Well, questioning a man's
parentage is hardly good-natured.

My dear fellow, in Australia, 'bastard'
is almost a term of endearment.

Well, I come from a
different world, thank God.

The Australians are not a
people I'll ever warm to.

Nothing wrong with that.

Always easier to give a
hiding to a man you dislike.

May I interrupt?

I really do feel like a
cricketing widow over there.

Haven't you finished talking
about the game yet?

Not quite.

Mr Fender and I have
something to discuss.

- Do we, my lord?
- Yes.

What's that?


Do I detect a note of indifference
bordering on aversion, my lord?

Now, don't start that banter with me.

I found your report, your... criticisms
of Chapman most distasteful.

Now, it doesn't matter what
your opinion of him is.

He is the English skipper.
He deserves your respect.

It ill behoves you, as a county captain
and a man who's represented England,

to... to disparage his
tactics publicly.

It was an honest opinion.
It was my job to report it.

I am not talking about reporting.
I am talking about loyalty.

That is all I ask of a man.

Not from a journalist, perhaps,

but from a cricketer and a gentleman.

Do you understand?

Oh, I understand. But I don't agree.

Oh, well, I'm not staying here to
argue with you. I've made my point.

But make no mistake -

these things do not go unnoticed.

I never believed they did.

Well, then, why must you
always be giving offence?

Why must you be the tearaway?
Why all this affectation?

Not affectation, my lord.

It's me nature.

I suppose I could be a little more...

But I've always thought diplomacy
a blood brother to hypocrisy.

Honesty is one of the things I
like about Percy George Fender.

He may not be perfect, but at
least I can live with him.

Well, what was all that about?

Oh, nothing much.

My attitude, behaviour, personality.

That's all.


Douglas, there's one thing you
must learn about the lords.

In defeat, they're unbearable.

In victory - insufferable!


Shall we go?


18... 19...






Quack, quack, quack, quack!

Catch it!

How's that?!

It was 1929 - the jazz age,

and our lives spun from one
carefree moment to the next.

Every day we stretched
out our hands further,

trying to gather into our arms all
the glittering prizes of our youth.

And yet there was a
brittleness in our laughter,

a fever to our lives.

It was as if we knew deep
within some recess of our minds

that nothing which ran so
fast could run for long.

Around the world, there was a gathering
darkness waiting to close in.

The greatest depression the
world had ever known -

not only of an economy,
but of men's spirits.

Just as one generation had been
destroyed by the Great War,

so the next was crushed
by the Depression.

One in five people out of
work, industries swept away,

whole towns devastated.

Hunger, rationing and the dole.

For many people, there was one thing

which helped relieve the
misery of their daily lives,

and that thing was sport.

In such a climate,

the Australian Test side arrived
in England in April of 1930.

Among the team were 11 cricketers
making their first overseas tour,

all of them so young

they were immediately christened
in honour of their manager-

'Kelly's Creche'.

By any measure, it would prove
to be a remarkable Test series,

one which those who witnessed
it would never forget.

You see, Don Bradman was about
to rewrite the record book.

It's fine, thanks.

Yeah, same for me, thanks.

Make that three.

Make it seven.


Woody, dear chap.
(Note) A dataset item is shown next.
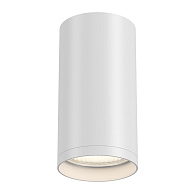 Светильник 5*5 см, GU10 10W, Maytoni Focus S C052CL-01W, белый
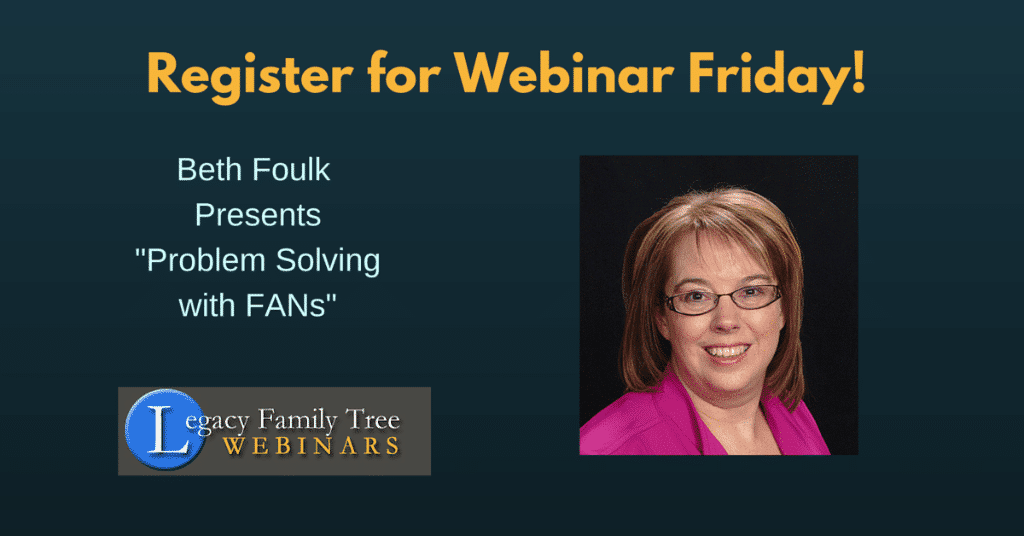 Beth Foulk - Problem Solving with FANs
Welcome.
Lovely to see you.

Gentlemen, may I introduce Mr
Percy Fender, skipper of Surrey.

The finest captain never
to have captained England.

Oh, thank you very much, Bill.

Hi, Alan. Percy.

Pleased to see you. Hello. How are you?

Oh, we didn't actually meet in '28.

I feel as though I know you, though.
I've read most of your articles.

Oh, that's more than I have.

Hello. Nice to see you. Hello.

I think you once described
me as a "schoolboy batsman".

Ah! Yes. A journalist's whim.

On the other hand, Douglas
here is a great admirer.

Yes. We met in Brisbane.
Hello, Douglas.

It has led to countless arguments.

I think you're in for a surprise.

Well, we'll see soon enough.

Day after tomorrow.

Surrey has a very good record
against Australian teams.

I think we'll give you
a run for your money.

We look forward to it.

All the best, Bert.

Good luck, Bill. You too, Percy.

Well, Don. How about the
schoolboy giving him a caning?

You've got him in two minds, Percy.

He doesn't know whether to
hit you for a four or a six.

Oh, God!

And what a fool he made of me.

He put every ball exactly
where he wanted -

where it would cause me
the most humiliation.

Oh, don't worry, Percy. It'll
be forgotten in a month.

He's going to destroy
every bowler in the land.

As I said, he's unique. A phenomenon.

Oh, nobody said we weren't warned.

Oh, well done, D.R.

Huh! It's going to be a bleak summer.

It will indeed.

England's only hope is to think
broadly, develop a new strategy-

one aimed solely at curbing Bradman.

Hmm! You think so? I think
our only hope is prayer.

At least God is an Englishman.

Or has that changed too?

Day after day, new records
fell before Bradman's bat.

The youngest batsman to score
2,000 runs in a season.

The fastest century in Test history.

The fastest double century ever.

The highest score ever made in a Test.

It was history in the making.

And on and on it went- this
21-year-old boy from Bowral

driving the English crowds to delight,

the journalists to hyperbole

and the cricketing lords to despair.

Might as well throw stones
at the Rock of Gibraltar.

Perhaps we ought to change the rules -

make the little bugger
bat off a handicap.

All we can do is pray for rain.

Couldn't he be asked
to use a smaller bat?

Thanks to Bradman, English
cricket was in despair.

As Douglas had predicted, he had
succeeded in amassing scores

other people had never even dreamt of.

Worse still, Bradman had
led the Australians -

who had arrived as underdogs -

to victory.

The Ashes were now on
their way to Australia,

where it seemed they would
remain, if not forever,

at least until Bradman gave up cricket.

- How old is he? 21?
- That's right.

Talk about a depression -
another 20 years of Bradman.

Oh, dear God.

And not a bowler to trouble
him, let alone stop him.

Not Tate, not Peebles.

Not even Larwood, Douglas.

Larwood? He heads the casualty list.

Bradman's finished his career.
Thanks, old boy.

There's no profit in talking
about individual bowlers.

That's like waging war and
worrying about an infantryman.

Well, that's who does the fighting.

Yes, but wars are won by generals.

The first thing you need is a strategy.

That's easy to say, old chap.

But I don't think there's a strategy
in cricket to contain Bradman.

Not to contain him. To neutralise him.

Oh, that is preposterous, Douglas.
The boy's a genius.

A perfect combination of...
of reaction, footwork...

Strokemaking. Yes, exactly.
And intelligence.

He's the best batsman in the world.
No doubt.

But the perfect sportsman
hasn't been born yet.

Every athlete has a weakness.

Very comforting, old boy,

but unfortunately, you can't
bowl him out with platitudes.

No, Plum. Or anything else.

We wouldn't listen when Douglas talked
of him rewriting the record books.

Perhaps we should now that
he's talking of a weakness.

I don't claim to know what it
is, but I'm sure it's there.

You have to find it.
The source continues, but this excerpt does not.